> ACTION ITEM
Without any of its pictures, the listing below should be output exactly.
__________
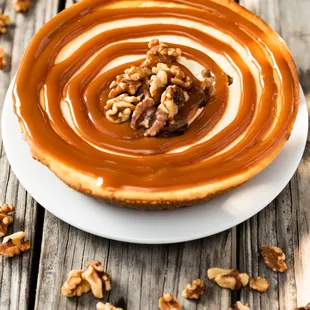 caramel and walnuts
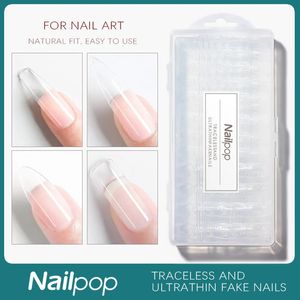 Yanlış Nails Nailpop 600pcs Tırnak uçları tırnak tırnakları sahte tırnak ucu berrak/beyaz/doğal/mat yanlış tırnaklar akrilik tam kapak tırnakları seti 230927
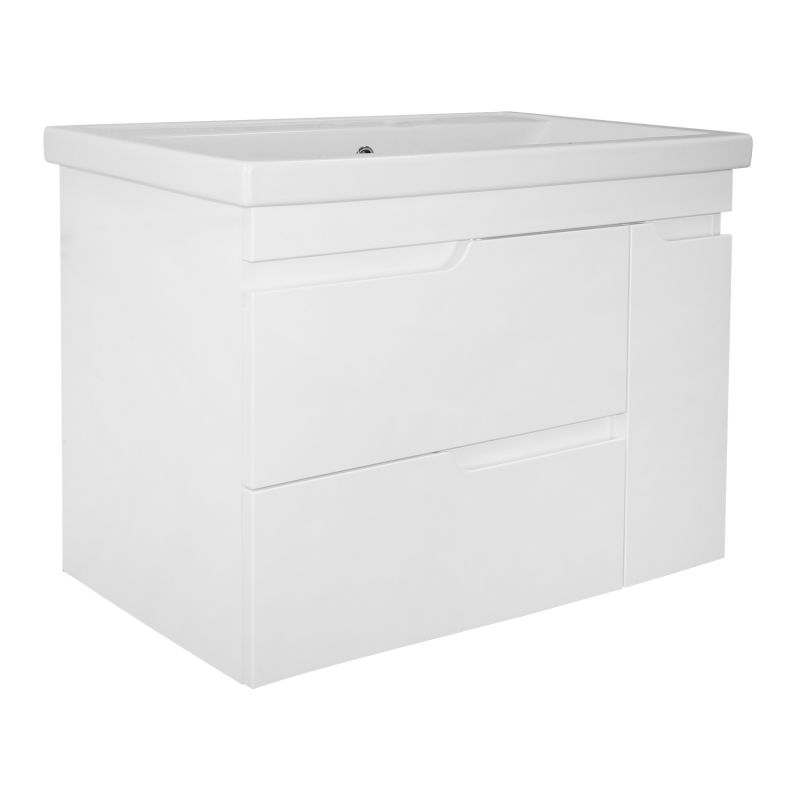 Комплект Тумба Azario KANTRI 80/2 800х460х650 подвесная, с раковиной, белый глянец CS00097253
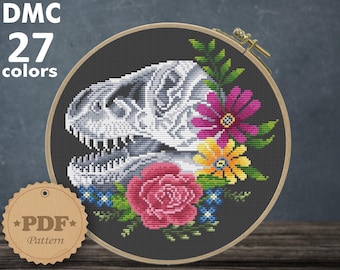 Floral T-Rex Skull Cross Stitch Pattern: Dinosaur DIY (PDF Pattern)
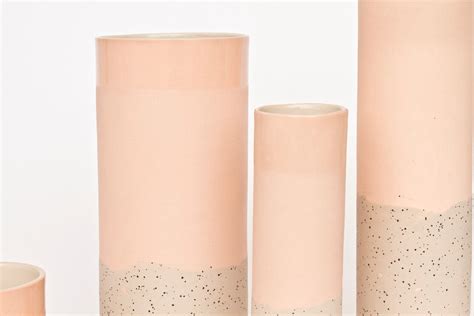 Tall thin ceramic vase. Modern speckled Pink Cylinder vase. | Etsy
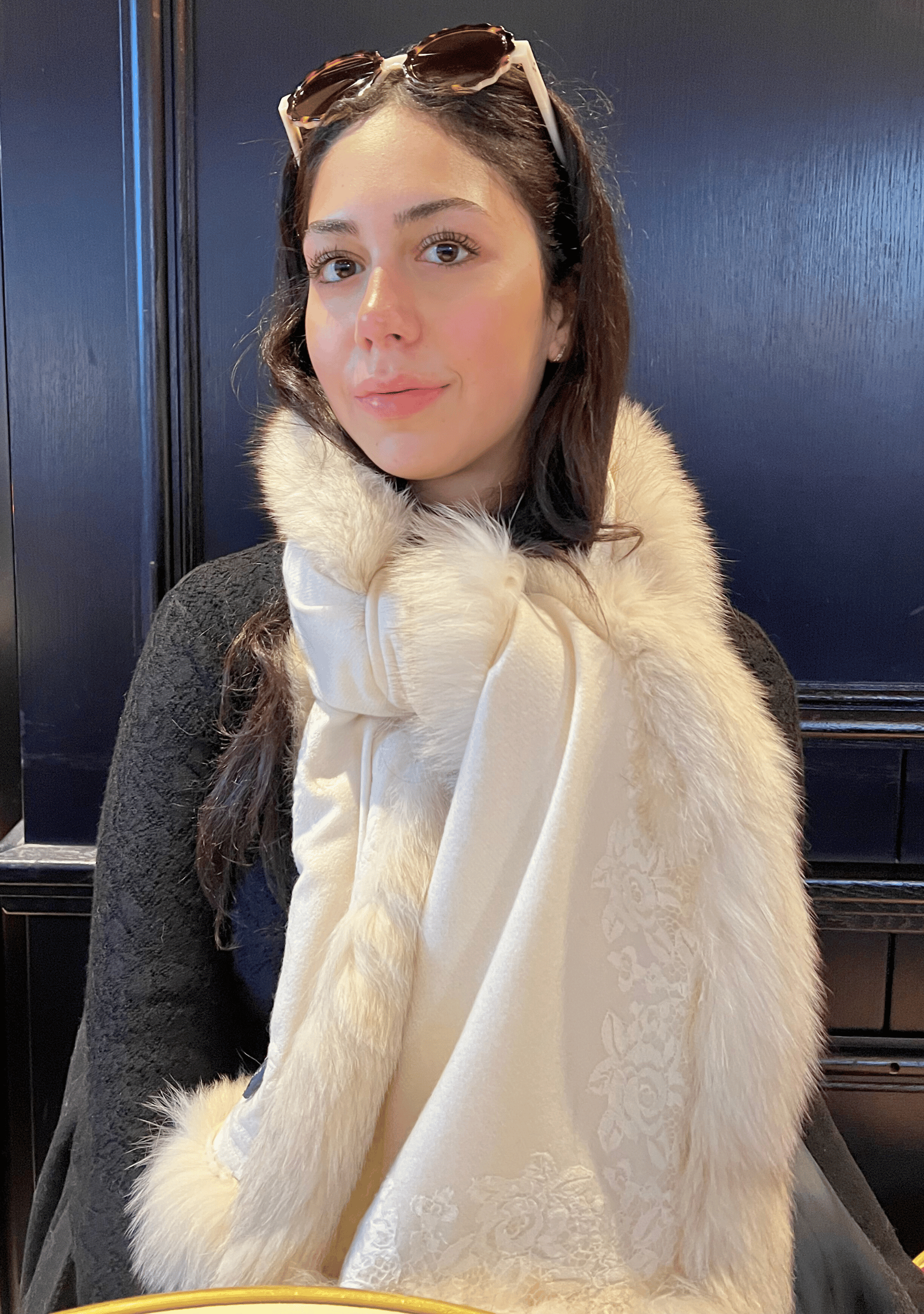 Ivory Cashmere wrap, Ivory Fox Fur & Floral Lace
__________
> TASK OUTPUT
 caramel and walnuts
 Yanlış Nails Nailpop 600pcs Tırnak uçları tırnak tırnakları sahte tırnak ucu berrak/beyaz/doğal/mat yanlış tırnaklar akrilik tam kapak tırnakları seti 230927
 Комплект Тумба Azario KANTRI 80/2 800х460х650 подвесная, с раковиной, белый глянец CS00097253
 Floral T-Rex Skull Cross Stitch Pattern: Dinosaur DIY (PDF Pattern)
 Tall thin ceramic vase. Modern speckled Pink Cylinder vase. | Etsy
 Ivory Cashmere wrap, Ivory Fox Fur & Floral Lace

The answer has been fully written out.